• Work required
Select all lines holding the word "fabric" from the entries that follow.

Records supplied Start Marker

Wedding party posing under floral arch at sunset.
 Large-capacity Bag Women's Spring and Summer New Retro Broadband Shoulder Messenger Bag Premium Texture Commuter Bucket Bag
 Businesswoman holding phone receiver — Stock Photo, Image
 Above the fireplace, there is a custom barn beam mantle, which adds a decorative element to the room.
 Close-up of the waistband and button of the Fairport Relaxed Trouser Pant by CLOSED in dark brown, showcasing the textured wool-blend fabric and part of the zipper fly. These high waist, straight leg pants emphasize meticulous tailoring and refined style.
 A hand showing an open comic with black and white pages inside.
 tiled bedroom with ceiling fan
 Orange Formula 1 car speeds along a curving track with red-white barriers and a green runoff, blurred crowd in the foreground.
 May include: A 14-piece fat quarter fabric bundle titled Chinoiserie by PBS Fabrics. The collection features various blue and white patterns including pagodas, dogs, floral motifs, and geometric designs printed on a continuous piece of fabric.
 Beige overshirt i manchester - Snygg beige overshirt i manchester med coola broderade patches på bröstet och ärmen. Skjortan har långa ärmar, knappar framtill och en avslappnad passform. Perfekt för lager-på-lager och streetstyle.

Records supplied End Marker

• Solution
 Close-up of the waistband and button of the Fairport Relaxed Trouser Pant by CLOSED in dark brown, showcasing the textured wool-blend fabric and part of the zipper fly. These high waist, straight leg pants emphasize meticulous tailoring and refined style.
 May include: A 14-piece fat quarter fabric bundle titled Chinoiserie by PBS Fabrics. The collection features various blue and white patterns including pagodas, dogs, floral motifs, and geometric designs printed on a continuous piece of fabric.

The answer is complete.